Exercise brief: Write out the full listing exactly as given, minus the images.

Start of Information provided

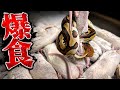 大量の冷凍ラットをうちの秘蔵っ子たちに与えまくる。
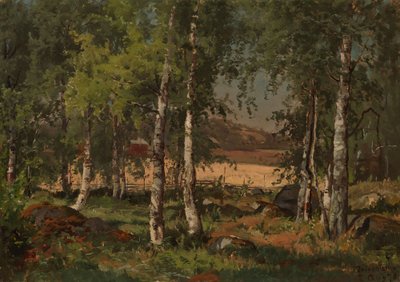 Landschaft mit Birkenhain und Roggenfeld von Hjalmar Munsterhjelm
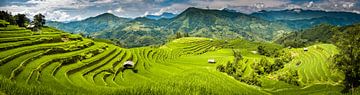 Panorama van rijstvelden van Jeroen Mikkers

End of Information provided

Written response:
 大量の冷凍ラットをうちの秘蔵っ子たちに与えまくる。
 Landschaft mit Birkenhain und Roggenfeld von Hjalmar Munsterhjelm
 Panorama van rijstvelden van Jeroen Mikkers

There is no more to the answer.